The Top 5 Most Common Security Issues I Discover When Reviewing Code


About the author

Will Barrett is a Software Engineer, Technical Lead, and Engineering Manager from the San Francisco Bay Area with over 14 years of experience. He’s a Superset PMC Member of The Apache Software Foundation. He’s held staff software engineer and senior engineer roles at Change.org, Entelo, Sqwiggle and Preset.

Will is the author of On Learning to Program, a blog for new Software Engineers entering the industry. Will is also a certified reviewer on PullRequest where he’s caught hundreds of bugs, security issues, and other critical issues for over 40 teams.


images/security-vulnerabilities-issues-caught-in-pull-request-code-review.jpg

The most important part of my job as a code reviewer is helping other developers keep their systems secure. It’s something I don’t take lightly, and there are many ways that an application can fail to pass muster from a security standpoint. Here are the things I find most often - hopefully there will be a few items here that stick out to you the next time you see them in a PR.

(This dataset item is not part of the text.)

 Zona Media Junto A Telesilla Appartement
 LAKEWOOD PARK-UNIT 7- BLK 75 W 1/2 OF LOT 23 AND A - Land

NOTE: The following code examples have been contrived to provide detailed, illustrative representations of real security issues I’ve found while reviewing code. They have not been pulled from actual codebases or commits. They are written in Python and Ruby, but the concepts apply broadly.

1. Sensitive Information in Log Files

Personally Identifiable Information (PII) is governed by a few different laws - GDPR in Europe and CCPA in California being the two most relevant examples at time of publication, though more legislation will arrive on this topic over the next few years. These laws govern the ways that companies can store and use personally identifying information, such as names, physical addresses, email addresses, ID numbers and the like. Generally this legislation requires that such information is stored securely. Logging is one of the biggest violators of this requirement. Take the following example:

logger.info("The send operation failed when attempting to deliver to %s" % user.email)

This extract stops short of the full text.